Tradotto: non mi diventate tutte come quelle femministe sempre arrabbiate con i pantaloni larghi e i capelli corti, che non hanno ancora capito che gli uomini vanno gestiti col bastone e il sorriso, e li porti dove vuoi.

Ribellatevi sì, ma senza esagerare. Se la situazione si mette male, tutte in retrocessione col sorriso ammiccante da semiparesi facciale che “sapete di avere”.

Barbara Palombelli sul set del programma Forum, foto ForumMediaset

Una predica laica di cui non sentivamo il bisogno, ma soprattutto un altro pericolosissimo stereotipo da mantenere vivo nell’immaginario collettivo: la donna che non sa usare il richiamo sessuale basico della specie sbaglia strategia fin da principio. Insomma, perché far sempre tanta fatica con le parole, le azioni, la lotta, quando con un sorriso potremmo, che ne so, guadagnare una posizione in azienda, o calmare un marito nervoso, o evitarci la multa per il parcheggio?

Un condensato di banalità

«Studiate fino alle lacrime e lavorate fino all’indipendenza: prima o poi funziona.

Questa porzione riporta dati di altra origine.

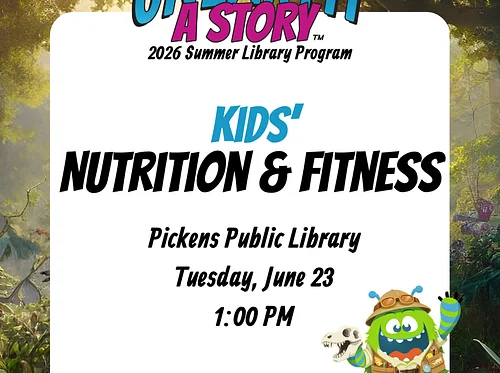 Kids Nutrition and Fitness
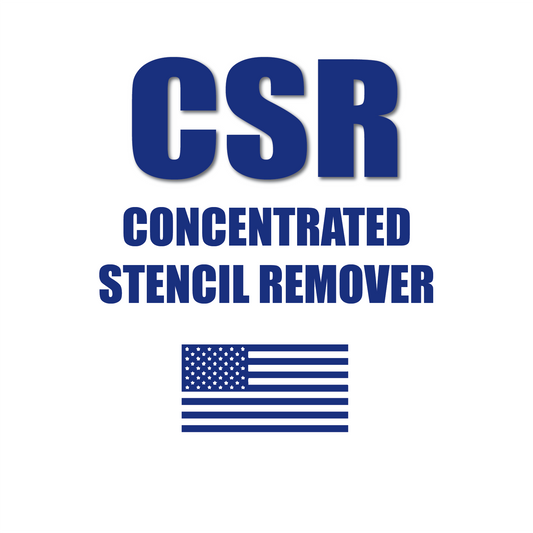 CSR CONCENTRATE STENCIL REMOVER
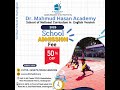 DMHA || Admission 2025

Quando mi chiamarono al Corriere della Sera, capii di avercela fatta». Anche qui Palombelli costringe il telespettatore attento ad un surreale volo pindarico che termina niente meno che nella celebre favola di Cenerentola. Palombelli ha fatto la cameriera, la commessa e la venditrice porta a porta, ma ha capito di avercela fatta solo quando l’hanno attestato quelli del Corriere della Sera.

Capito, donne e ragazze di tutte le latitudini del pianeta? Non c’è valore per voi al di fuori di quello che altri vi attribuiranno. Non sarete brave nel fare quello che sceglierete, né lo farete con gioia. Sarete felici solo quando qualcun altro, in genere un uomo, stabilirà che siete abbastanza brave. Prima di allora, solo lacrime e sangue. Un concentrato di banalità, pregiudizi e luoghi comuni difficile da ipotizzare come “casuale”, non fosse che per la portata economica delle sponsorizzazioni del mega-evento di Sanremo.

Una cosa importante però ce l’ha ricordata Palombelli col suo monologo dell’altra sera: la lotta delle donne per una reale autodeterminazione è evidentemente ben lontana dalla fine. La scrittrice e femminista Simone de Beauvoir ce lo disse già quasi settant’anni fa: “Non dimenticate mai che sarà sufficiente una crisi politica, economica o religiosa perché i diritti delle donne siano rimessi in discussione. Questi diritti non sono mai acquisiti. Dovrete restare vigili durante tutto il corso della vostra vita.”

Ma forse Palombelli era troppo occupata nelle piazze per saperlo.